28. The molding composition according to claim 24, wherein in the mass or solution polymerization process two continuously stirred tank reactors (CSTR) in series are used, wherein one CSTR is used in step ii) and one further CSTR is used in step iii).

29. The molding composition according to claim 24, wherein in the mass or solution polymerization process three CSTRs in series are used, wherein one CSTR is used in step ii) and two further CSTRs are used in step iii).

30. The molding composition according to claim 24, wherein

in step i) of the mass or solution polymerization process a solvent is used.

31. The molding composition according to claim 24, wherein

in step iv) of the mass or solution polymerization process as the devolatilizing apparatus a partial evaporator or a falling strand devolatilizer is used.

32. A method of producing household and automotive applications comprising the molding composition according to claim 17.

33. The molding composition according to claim 17, wherein the at least one vinylaromatic monomer B1) is styrene or alpha methylstyrene and the at least one comonomer B2) is (meth)acrylonitrile or acrylonitrile.

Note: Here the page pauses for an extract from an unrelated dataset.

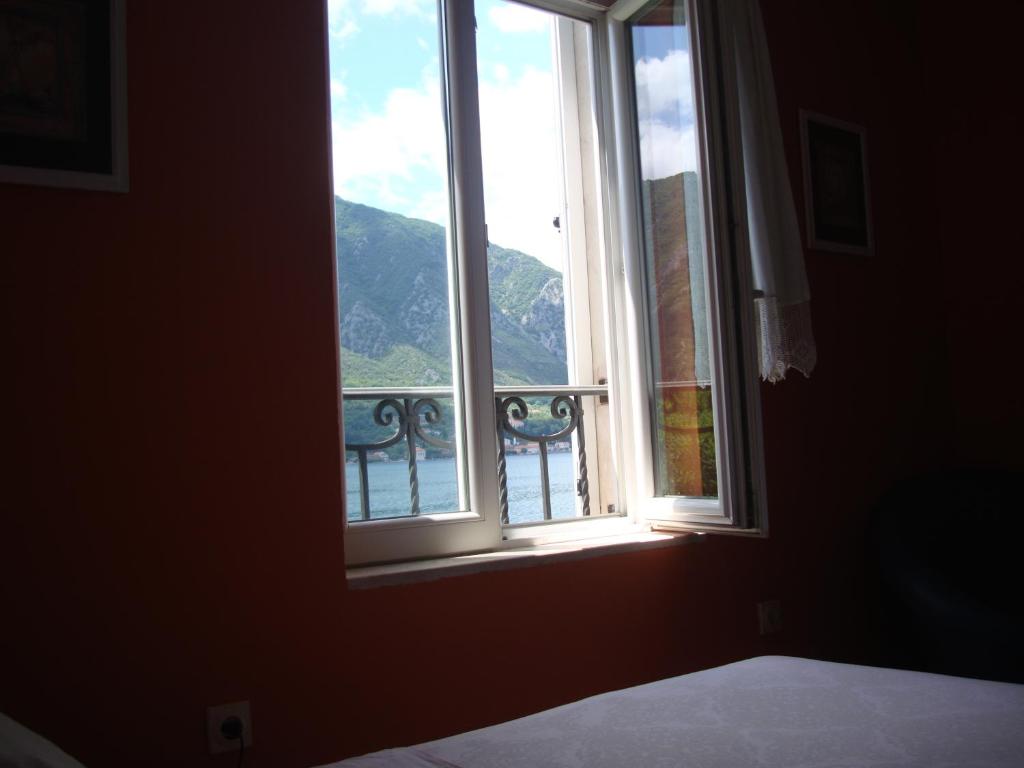 Villa Perla Del Mare - 12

34. The molding composition according to claim 17, wherein the conjugated diene C1) is 1,3-butadiene or isoprene and the at least one comonomer C2) is styrene.

35. The molding composition according to claim 20, wherein at least 50 wt.-% of the particles of the graft rubber copolymer C′) have a mean weight particle size in the range of 0.51 to 5 μm.

36. The molding composition according to claim 23, wherein the monomer B1) is styrene and the monomer B2) is acrylonitrile.